|Summary:||Display of summary of numeric vector containing Inf is incorrect|
|Attachments:||Excludes infinite values in maximum calculation|
Description 8666f00c 2015-12-02 14:58:20 UTC
The display of a summary of a numeric vector containing Inf does not round correctly. > options(digits=22) > summary(c(.1,.2,.3,.4,.5),digits=22) Min. 1st Qu. Median Mean 3rd Qu. 0.1000000000000000055511 0.2000000000000000111022 0.2999999999999999888978 0.2999999999999999888978 0.4000000000000000222045 Max. 0.5000000000000000000000 > summary(c(.1,.2,.3,.4,Inf),digits=22) Min. 1st Qu. Median Mean 3rd Qu. Max. 0 0 0 Inf 0 Inf Note that the error is in the display, and not the calculation > x = summary(c(.1,.2,.3,.4,Inf)) > print(as.vector(x))  0.1000000000000000055511 0.2000000000000000111022 0.2999999999999999888978 Inf 0.4000000000000000222045  Inf
Comment 1 Duncan Murdoch 2015-12-02 17:44:55 UTC
The reason this happens is that the print method calls zapsmall() on the entries. Compared to Inf, every finite number is small. I agree the behaviour is ugly. Perhaps only the finite values should be zapped? On the other hand, summary.default prints ugly results by design (e.g. summary(123456) rounding the entries), so I'm not sure everyone would agree on changing this.
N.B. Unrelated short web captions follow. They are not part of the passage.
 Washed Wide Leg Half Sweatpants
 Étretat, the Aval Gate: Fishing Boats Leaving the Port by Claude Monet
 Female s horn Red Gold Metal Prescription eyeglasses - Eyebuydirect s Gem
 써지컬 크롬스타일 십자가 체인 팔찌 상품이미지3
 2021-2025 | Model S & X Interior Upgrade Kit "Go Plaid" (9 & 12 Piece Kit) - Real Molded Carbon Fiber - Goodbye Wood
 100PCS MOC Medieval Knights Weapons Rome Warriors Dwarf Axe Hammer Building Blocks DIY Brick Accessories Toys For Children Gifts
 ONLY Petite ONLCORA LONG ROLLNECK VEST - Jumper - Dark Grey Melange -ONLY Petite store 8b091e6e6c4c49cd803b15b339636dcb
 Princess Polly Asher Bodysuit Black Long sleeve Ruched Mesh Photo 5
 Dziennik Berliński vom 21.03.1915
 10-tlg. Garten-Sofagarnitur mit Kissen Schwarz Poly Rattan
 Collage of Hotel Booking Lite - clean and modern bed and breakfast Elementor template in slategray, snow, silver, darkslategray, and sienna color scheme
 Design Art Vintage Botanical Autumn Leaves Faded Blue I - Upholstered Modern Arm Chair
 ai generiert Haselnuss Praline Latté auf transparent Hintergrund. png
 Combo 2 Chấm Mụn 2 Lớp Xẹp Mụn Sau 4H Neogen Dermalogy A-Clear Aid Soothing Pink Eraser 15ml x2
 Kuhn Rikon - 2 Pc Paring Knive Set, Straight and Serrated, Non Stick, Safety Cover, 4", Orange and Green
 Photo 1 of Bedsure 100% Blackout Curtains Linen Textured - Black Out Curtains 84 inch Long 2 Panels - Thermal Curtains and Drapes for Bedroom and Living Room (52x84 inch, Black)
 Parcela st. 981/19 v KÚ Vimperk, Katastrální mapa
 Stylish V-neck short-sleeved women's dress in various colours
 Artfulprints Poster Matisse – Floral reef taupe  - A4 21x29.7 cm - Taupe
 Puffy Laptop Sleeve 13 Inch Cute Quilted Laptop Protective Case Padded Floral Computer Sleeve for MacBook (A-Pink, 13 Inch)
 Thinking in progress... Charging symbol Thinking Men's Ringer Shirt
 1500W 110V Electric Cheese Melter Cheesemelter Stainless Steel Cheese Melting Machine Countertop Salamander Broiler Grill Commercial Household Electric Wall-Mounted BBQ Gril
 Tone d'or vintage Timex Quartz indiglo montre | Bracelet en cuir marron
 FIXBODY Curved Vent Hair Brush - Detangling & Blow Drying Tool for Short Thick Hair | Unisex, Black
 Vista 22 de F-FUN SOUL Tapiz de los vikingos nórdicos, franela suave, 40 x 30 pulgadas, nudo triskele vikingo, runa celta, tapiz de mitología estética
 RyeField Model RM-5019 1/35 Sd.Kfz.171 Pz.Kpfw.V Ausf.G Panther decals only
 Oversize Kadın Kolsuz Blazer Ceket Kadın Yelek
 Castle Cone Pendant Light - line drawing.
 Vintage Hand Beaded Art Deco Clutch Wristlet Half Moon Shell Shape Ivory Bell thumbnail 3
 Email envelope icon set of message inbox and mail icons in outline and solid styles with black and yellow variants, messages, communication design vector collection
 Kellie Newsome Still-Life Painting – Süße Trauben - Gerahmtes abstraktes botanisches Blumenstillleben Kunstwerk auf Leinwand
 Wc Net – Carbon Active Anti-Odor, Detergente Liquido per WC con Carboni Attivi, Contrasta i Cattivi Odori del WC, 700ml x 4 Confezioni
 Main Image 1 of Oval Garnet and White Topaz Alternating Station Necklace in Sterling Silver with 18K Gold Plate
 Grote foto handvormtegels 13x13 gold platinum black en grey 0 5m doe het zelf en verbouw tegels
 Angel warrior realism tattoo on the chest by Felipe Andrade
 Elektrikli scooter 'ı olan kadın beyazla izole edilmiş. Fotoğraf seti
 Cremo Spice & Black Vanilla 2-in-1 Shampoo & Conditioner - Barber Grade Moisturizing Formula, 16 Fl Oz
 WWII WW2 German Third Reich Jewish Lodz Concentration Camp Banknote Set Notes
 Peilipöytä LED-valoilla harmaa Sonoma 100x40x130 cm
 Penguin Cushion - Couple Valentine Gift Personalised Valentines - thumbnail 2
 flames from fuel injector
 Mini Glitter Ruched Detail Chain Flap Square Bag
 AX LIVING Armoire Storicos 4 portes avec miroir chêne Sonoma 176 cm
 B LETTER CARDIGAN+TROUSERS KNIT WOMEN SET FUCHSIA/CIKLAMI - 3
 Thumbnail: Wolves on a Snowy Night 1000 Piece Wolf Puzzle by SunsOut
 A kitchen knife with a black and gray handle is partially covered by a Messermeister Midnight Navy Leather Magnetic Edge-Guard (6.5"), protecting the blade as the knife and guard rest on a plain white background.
Comment 2 8666f00c 2015-12-03 00:34:44 UTC
Created attachment 1941 [details] Excludes infinite values in maximum calculation
Comment 3 8666f00c 2015-12-03 00:36:42 UTC
Thanks for the response, knowing about zapsmall() really helps me understand this. A few comments though Another issue with what I'm bringing up here is that it's not simply a matter of everything being small compared to infinity -- it seems that it simply truncates decimals places but otherwise respects significant digits > summary(c(11.1,22.2,33.3,44.4,Inf),digits=1) Min. 1st Qu. Median Mean 3rd Qu. Max. 10 20 30 Inf 40 Inf > summary(c(11.1,22.2,33.3,44.4,Inf),digits=22) Min. 1st Qu. Median Mean 3rd Qu. Max. 11 22 33 Inf 44 Inf As to your example about summary(123456), while we might be able to argue about the ideal behavior here, I would not have submitted it as a bug report because at least there is an option to get it to display correct results. > summary(123456) Min. 1st Qu. Median Mean 3rd Qu. Max. 123500 123500 123500 123500 123500 123500 > summary(123456,digits=6) Min. 1st Qu. Median Mean 3rd Qu. Max. 123456 123456 123456 123456 123456 123456 As it stands, printing summary with an Inf will provide mostly useless results if run on numeric data with an absolute value less than 1 no matter what options you provide. This is made more confusing by the fact that you get expected results if run on numeric data without decimal places. In an attempt to not be a total leech, I followed through on where you pointed me to and attached a modification to /src/library/base/R/zapsmall.R that would fix this behavior (only added 1 line and modified another). In case it's thought that modification of zapsmall would mess up something else, I'll also make a change to /src/library/base/R/summary.R that only affects this specific issue.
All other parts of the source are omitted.